Ein Sommertag in Mainz. Die Zwillinge Roman und Heiko blicken sich suchend im Bootshaus um. Sie wirken müde. Als wir zusammensitzen, bestellen sie Cappuccino mit einem extra Shot Espresso. Wir reden darüber, was es bedeutet, heute jung zu sein.
Bärbel Schäfer: Wann ist man in euren Augen alt?
Roman: Für mich ist alt, wenn mein Gegenüber über viel Erfahrung verfügt. Gerade dann fühle ich mich immer besonders jung. Alt zu sein ist für mich nicht negativ besetzt.
Heiko: Als Kind habe ich meinem 18. Geburtstag entgegengefiebert. In diesem Jahr, mit 19, gab es keine Vorfreude mehr. Vielleicht ist das Altern.
Alles hat seine Zeit, wofür steht eure Generation?
Heiko: Wir sind selbstbewusst, wollen uns selbst verwirklichen. Träume leben, was auf die Beine stellen! Das konnten die Nachkriegsgeneration und ihre Kinder ja nicht so frei wie wir heute. Wir sind individuell und verlassen abgelatschte Pfade, auch dank des Internets. Wir sind die transparente Posting-Generation.
Roman: Wir können uns gut auf Neues einstellen und mit Schnelllebigkeit umgehen. Wir sind eine Start-up- und Gründergeneration. Wir machen einfach, wir legen los ohne langes Zögern.
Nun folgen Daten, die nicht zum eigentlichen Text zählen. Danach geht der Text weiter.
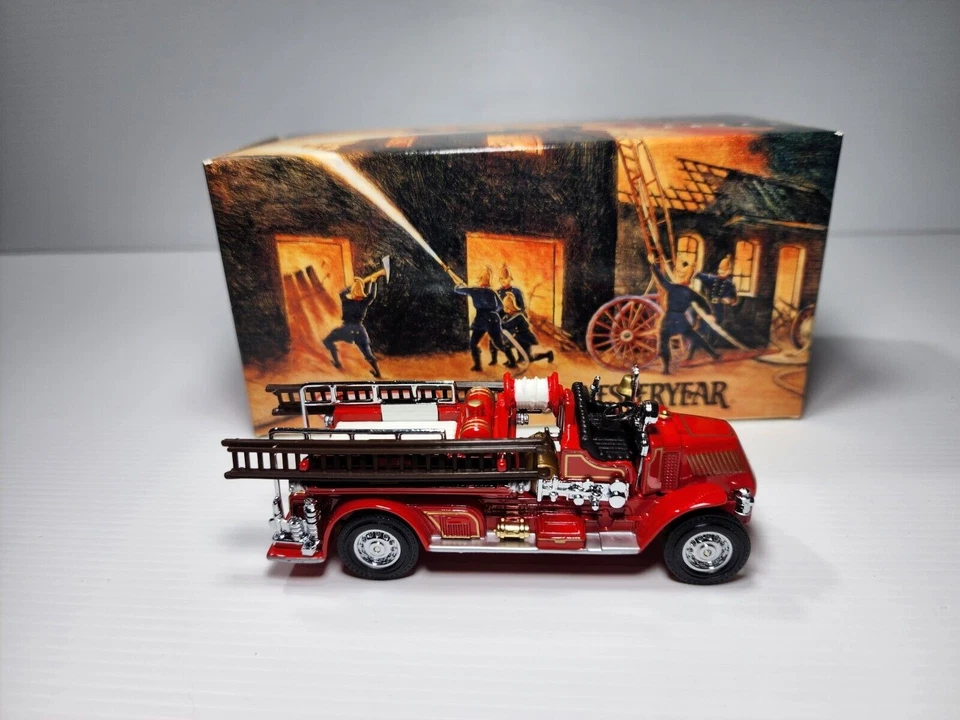 Matchbox Set x 6 Fire Engine Mack Land Rover Ford Models of Yesteryear YFE01 06 - Image 2 of 4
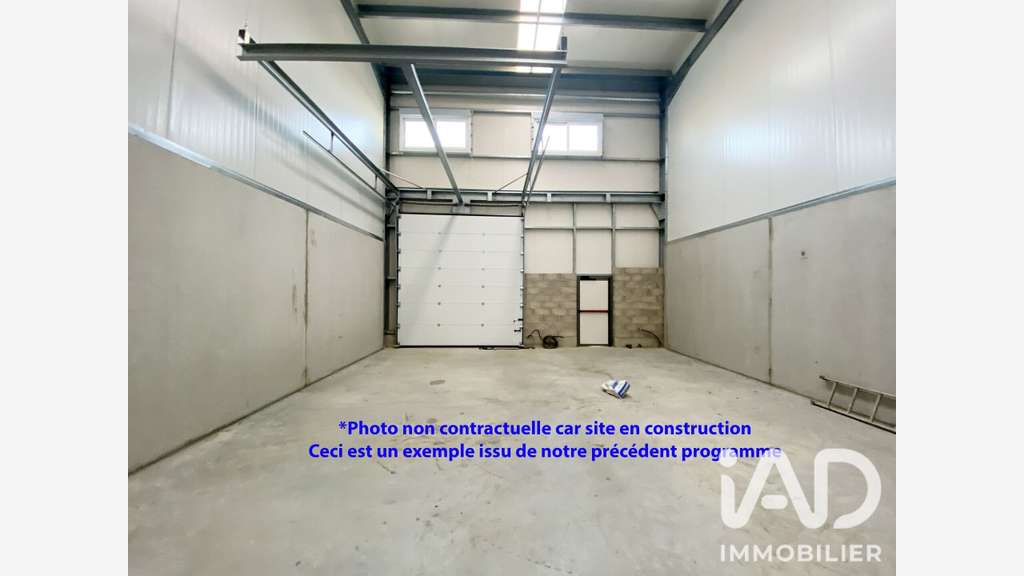 Vente local d'activité de 114m² à Chevry-Cossigny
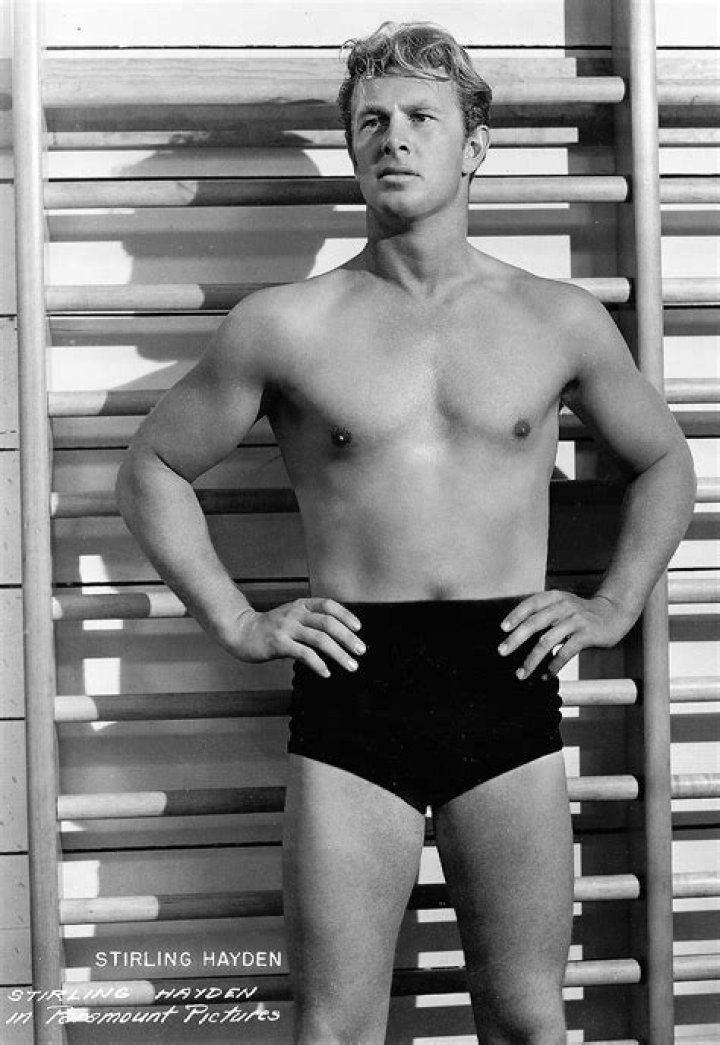 Fame | Sterling Hayden net worth and salary income estimation Apr, 2024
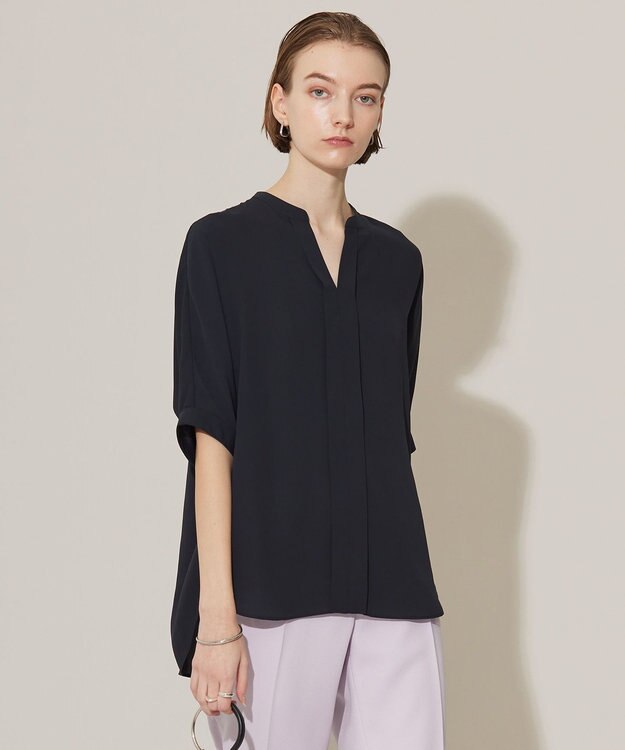 ICB 【新色追加・接触冷感・UVケア・速乾・洗える】BackSatinAmunzen  5分袖 キーネックブラウス ネイビー系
Was ist euer Rüstzeug für diese Zeiten?
Roman: Ein Mix aus digitalem Knowhow, Sprachkenntnissen und dem Glauben an dein Talent, deine Stärke. Unsere Eltern waren ja keine Musiker, wir haben nichts als unserem Talent vertraut.
Ich verstehe, wenn Fans sagen: Ich bin aus dem 'Lochis'-Alter rausgewachsen. So geht es uns ja selbst gerade.
Heiko Lochmann von "Die Lochis"Tweet
Woher kommt euer Selbstbewusstsein?
Roman: Das Selbstvertrauen entsteht durch unsere unendlichen Möglichkeiten. Die Chance, uns dauernd ausprobieren zu können. Es gibt so viele Wege, klappt einer nicht, wählen wir eben einen anderen. Daran wachsen wir.
Heiko: Unsere Eltern sind keine Helikopter-Eltern. Sie haben unseren Mut und unsere Eigeninitiative nie ausgebremst. Ihre einzige strenge Auflage war: der Schulabschluss. Bei uns im Dorf gab es Kids, die durften mit zehn Jahren noch nicht mal die Hauptstraße allein überqueren. Wir sind die wilden, kletternden Baumhauskinder gewesen. Wir haben uns in den letzten acht Jahren von immer neuen Seiten präsentiert, mit Comedy, Musik, Konzerten, Medienauftritten, ohne dass uns jemand Steine in den Weg gelegt hat.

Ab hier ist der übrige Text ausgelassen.